**What is expected:**
In the entries below, find the line with "Spearmint 16 Tea Bags" and the line with "Menu Caluana-3"; copy them and every line between them exactly, but not the pictures.

**Task input:**
▼

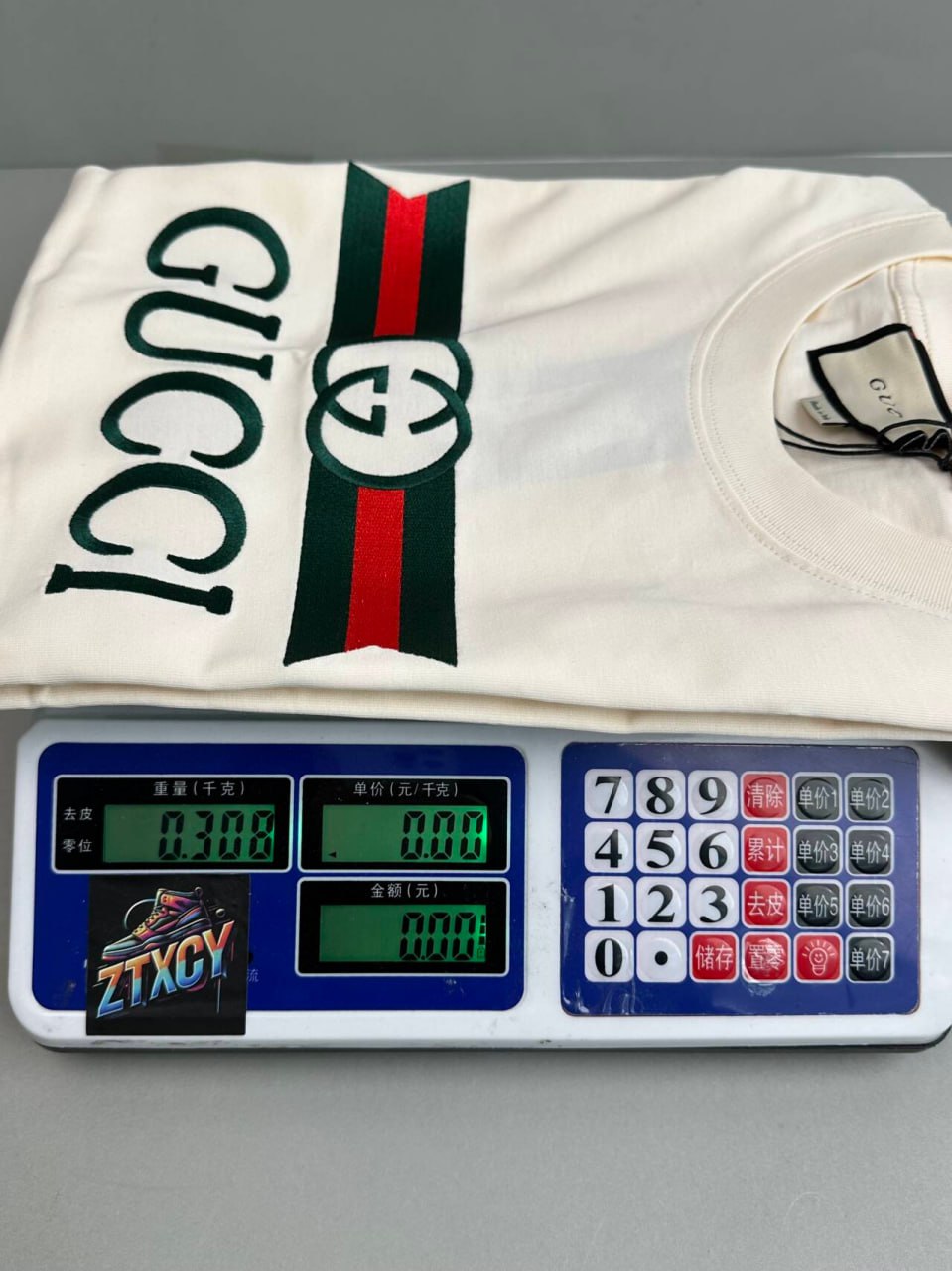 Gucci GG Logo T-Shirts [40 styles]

▲
▼

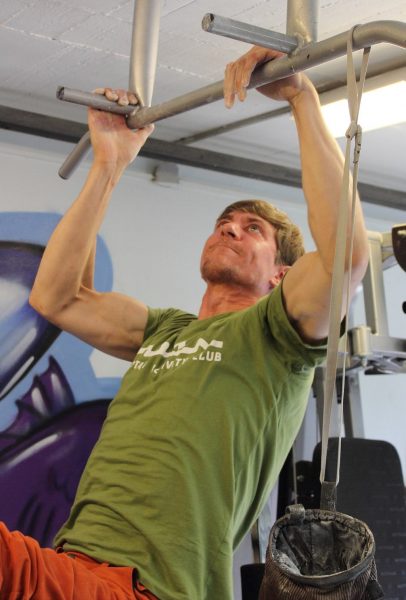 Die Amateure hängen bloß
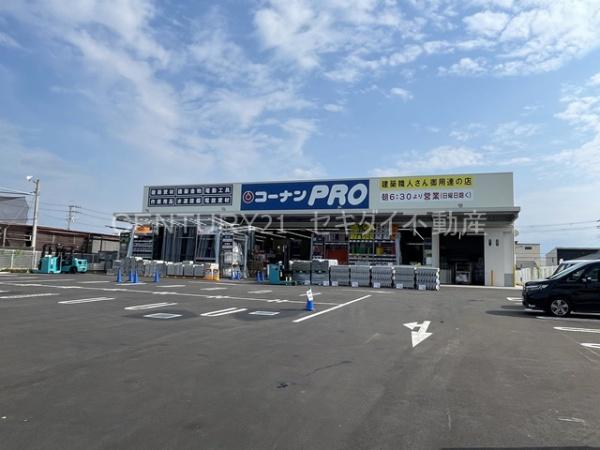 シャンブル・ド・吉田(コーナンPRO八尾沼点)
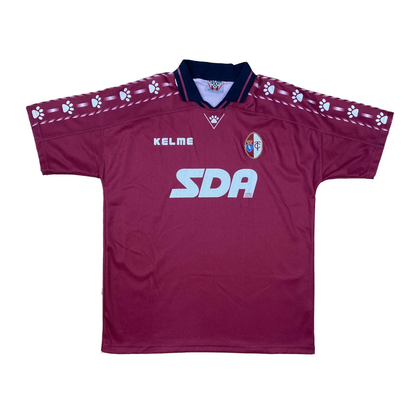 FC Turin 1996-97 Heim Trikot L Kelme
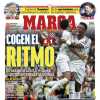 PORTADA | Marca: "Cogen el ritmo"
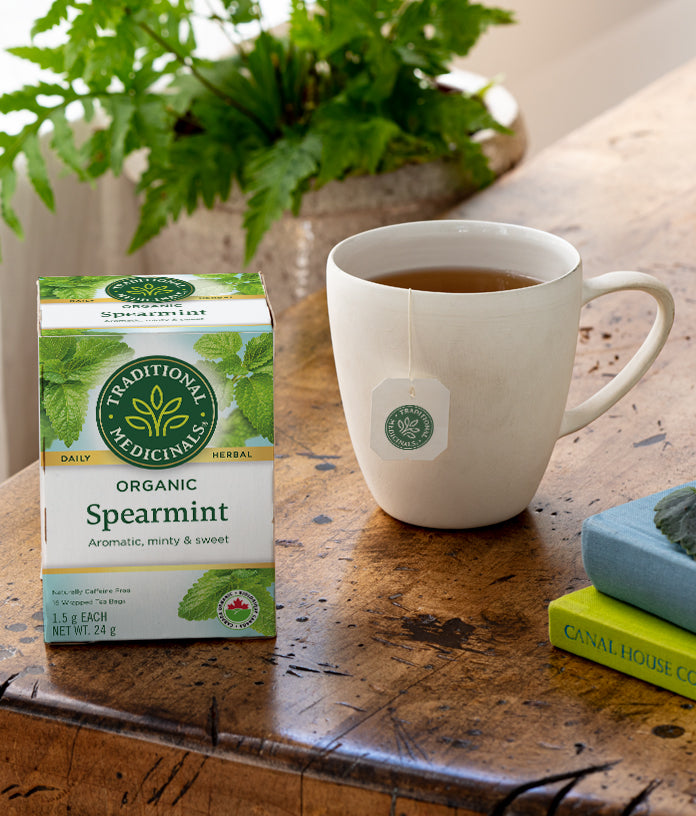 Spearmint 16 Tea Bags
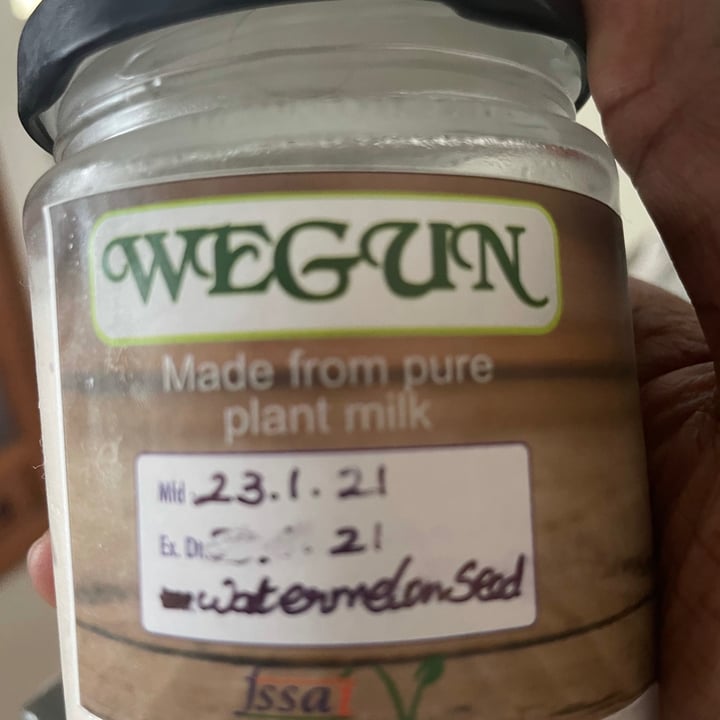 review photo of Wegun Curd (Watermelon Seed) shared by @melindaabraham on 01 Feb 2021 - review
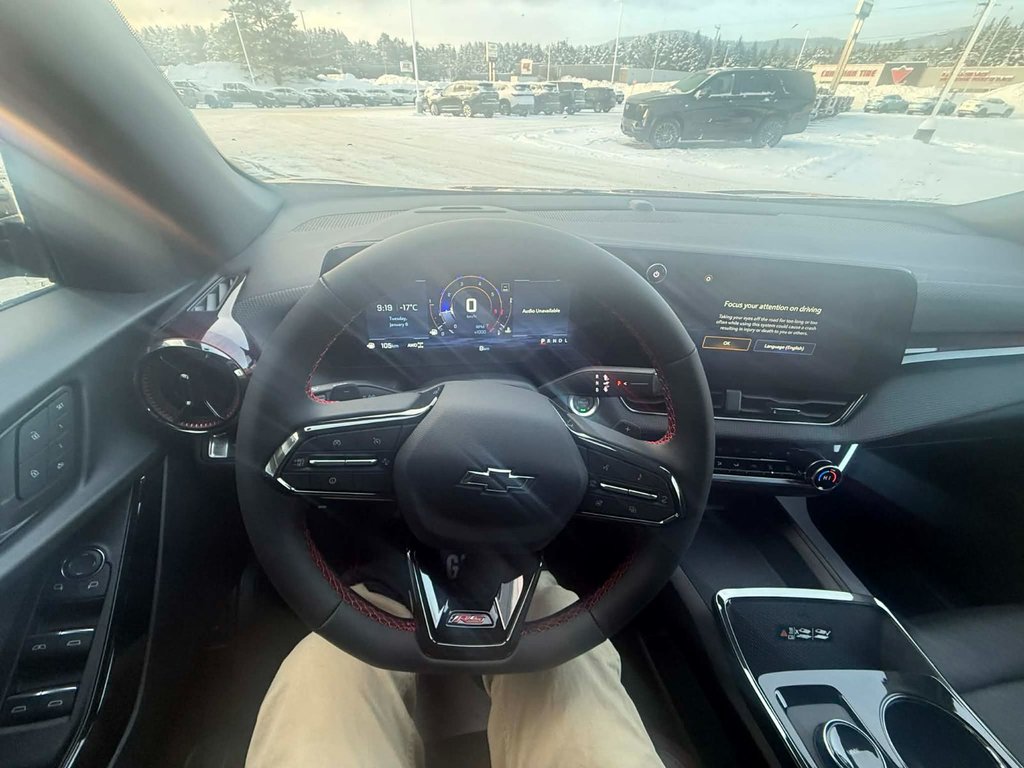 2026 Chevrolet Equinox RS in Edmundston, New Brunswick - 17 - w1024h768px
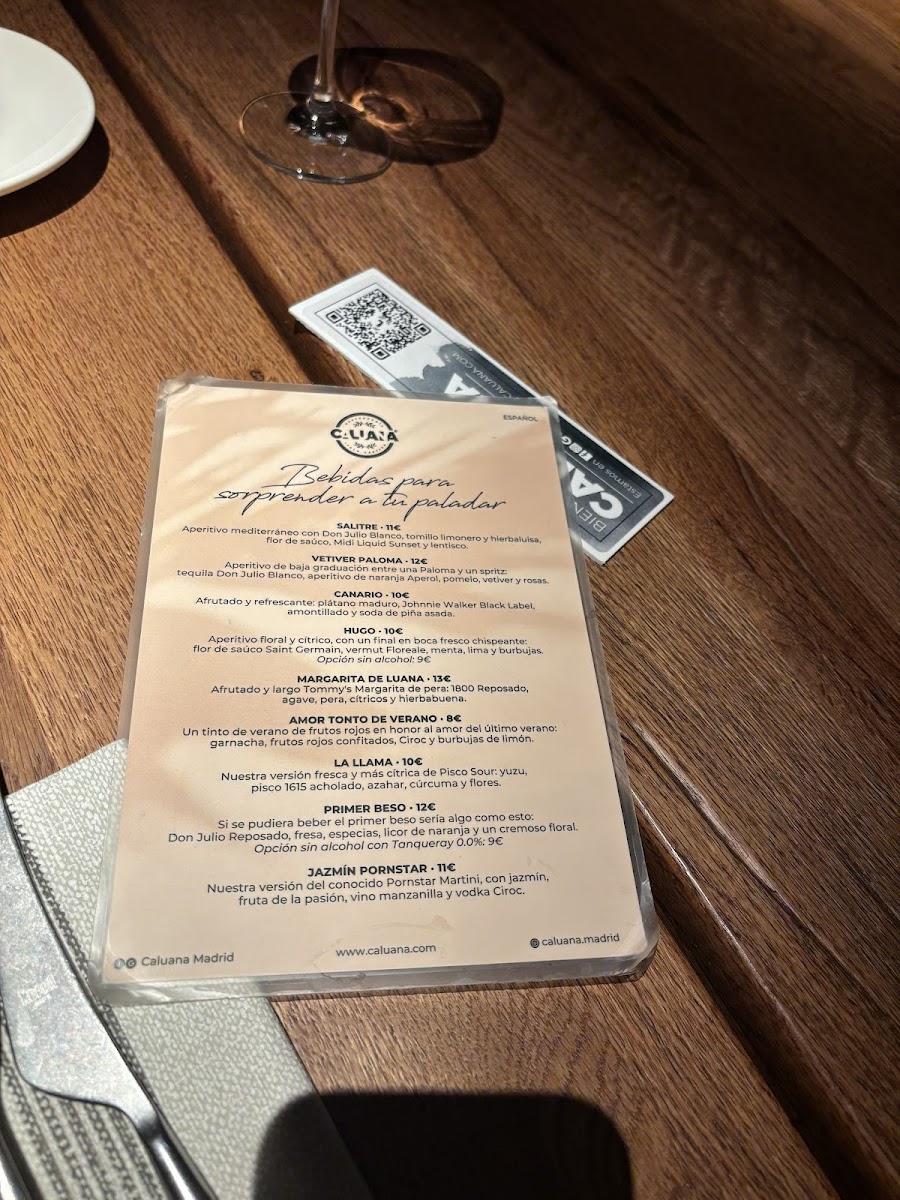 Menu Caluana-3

▲

**Answer to the problem:**
 Spearmint 16 Tea Bags
 review photo of Wegun Curd (Watermelon Seed) shared by @melindaabraham on 01 Feb 2021 - review
 2026 Chevrolet Equinox RS in Edmundston, New Brunswick - 17 - w1024h768px
 Menu Caluana-3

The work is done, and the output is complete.